Chillin' in the Desert: 4 Modes of Passive Cooling, Ancient and Modern
14 of February of 2022
What do season 5 episode 2 of Black Mirror and the Ridley Scott movie Kingdom of Heaven have in common? You might be surprised to learn that they both demonstrate real-life examples of passive cooling, modern and ancient respectively. With climate change constantly in the news and the energy costs of cooling always one of the main challenges in a warming world, we are going to look at 4 ways, past and present, that humans can combat heat without burning fuel.
1. Indus Valley Civil Engineering
You might be forgiven for assuming that 2400-1900 BCE wasn’t the best time to be alive. Modern comforts that we take for granted had yet to be invented and you would be lucky to survive through puberty.

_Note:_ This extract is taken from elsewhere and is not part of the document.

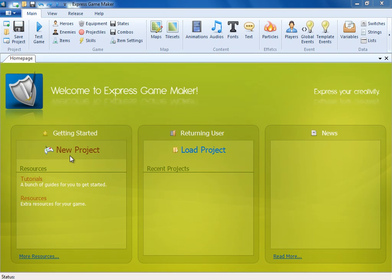Welcome to Express Game Maker. In this tutorial, we are going to cover important materials and material shortcuts. Let's create a new project.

Nevertheless, if you were fortunate enough to live in one of Indus Valley Civilisation cities such as Mohenjo-daro, Harappa, or Lothal (pictured above) which are found in modern-day Pakistan, you might have had less chance of suffering from heatstroke than many of your modern descendants. While the Indus Valley itself isn’t technically a desert, it is surrounded by drier regions, and cities there today have summer highs of up to 38ºC which is more than hot enough for most of us.
Smart City Planning:
The engineering and city planning of the Indus Valley sites would be the envy of many modern cities. The streets were designed in a rectangular grid pattern of one and two-storey houses, that had their windows purposely oriented to make the best use of the wind currents in the area. This provided passive cooling via air flow through each home. Any survivor of a summer in a scorching urban area, without the luxury of air conditioning, cannot help but be envious of this architectural foresight.

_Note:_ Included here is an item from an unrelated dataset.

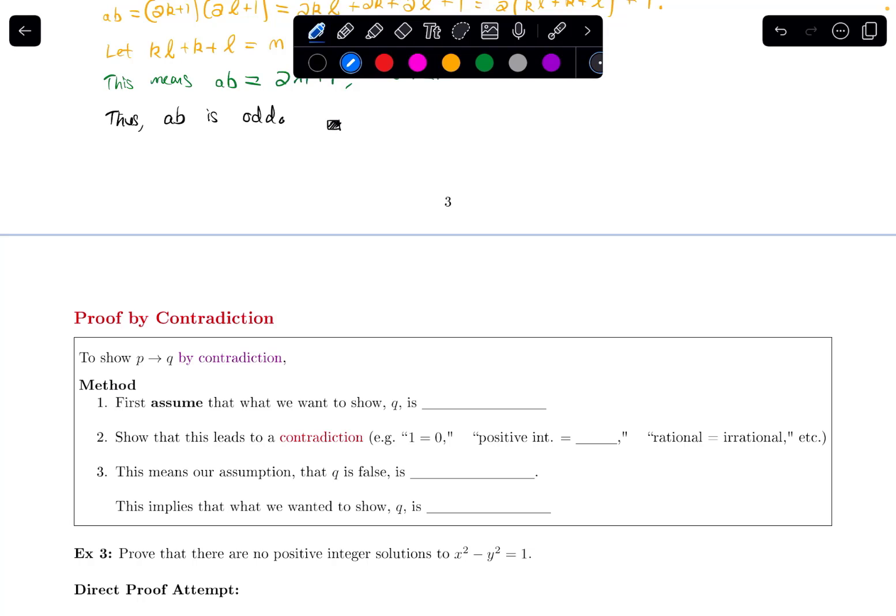In this video, we are going to do an example of a proof by contradiction, showing how this method works.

2. Qanats, Bâdgirs & Yakhchāls = Aqueducts, Windcatchers & Ice-Houses
The Ancient Persians had something even more impressive than passive air fans: Passive air conditioning and refrigeration, a technology that was used across their empire during their own reign, by late-comers such as Saladin, and is still used today.
Qanats:
In Iran you can find ancient qanats, underground aqueducts dug through the rock with access shafts dug vertically at regular intervals, dating back around three thousand years. These connect alluvial aquifers to cities and agricultural areas to allow for irrigation. The underground water channels are estimated to reach around 384,400 kilometers end to end; the distance to the Moon.
Bâdgirs:
In the cities, they took this a couple of steps further: Bâdgirs (or windcatchers) look like large ornate chimneys, but their role is quite the opposite; they sit atop buildings catching the outside wind. The wind above the building is faster than the wind at ground level, which turns the badgir into a large straw that pulls air up from inside the building from the basement.

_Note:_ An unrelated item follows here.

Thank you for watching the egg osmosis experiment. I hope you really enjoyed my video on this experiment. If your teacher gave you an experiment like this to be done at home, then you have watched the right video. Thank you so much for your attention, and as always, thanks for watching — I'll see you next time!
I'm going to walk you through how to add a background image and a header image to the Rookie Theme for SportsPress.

The basements receive their air from the underground qanat systems, where (thanks to the straw-like effect of the badgir) hot air has been pulled down from the surface through the access shafts along the qanat’s trip to the city, and has been cooled by proximity to the mountain water. What’s the result? Modern windcatchers such as those on the Zion National Park Visitors Center in Utah showed a reduction of sixteen degrees celsius (23ºC) in the building compared to the surrounding outside temperatures (39ºC). Not too shabby at all.
Yakhchāls:
If that wasn’t enough, these same systems were also used to make and store ice. The Persians would freeze water to ice in the three months of Persian winter and pools would be filled with water from the qanats.
At night, when the air temperatures were at 5ºC or less, radiative cooling back into space would chill the water until it froze (like how frost forms on grass even when temperatures remain above zero on clear nights), being broken up and then refilled with water and refrozen, building a thicker and thicker layer.
Once it had reached the desired thickness, the ice was cut up and then stored and insulted within a Yakhchal (Persian for ice house), a conical or domed brick structure, losing only 20% of its mass during the other nine months of the year.
3. La Casa del Desierto
La Casa del Desierto you might recognise as one of the backdrops to episode 2 season 5 of Black Mirror. It’s a venture by Guardian Glass to test the feasibility of their modern materials to passively maintain liveable temperatures in extreme environments. Which extreme environment did they choose? An isolated hilltop in Gorafe, Granada, fifteen minutes’ drive down a dirt road into the desert. It can reach up to 45ºC in the summer and as low as -10ºC in the winter.
Self-sufficient:
The inside of the 20m2 house however boasts a pleasant 18-28ºC year-round, entirely disconnected from mains electricity and water, utilizing only its 26m2 of solar panels to generate energy for the three rooms that make up the living area. The house is built essentially like a giant, futuristic, triangular oreo, with an exceptionally thick cream-part made of insulating glass (that’s the bit you live in).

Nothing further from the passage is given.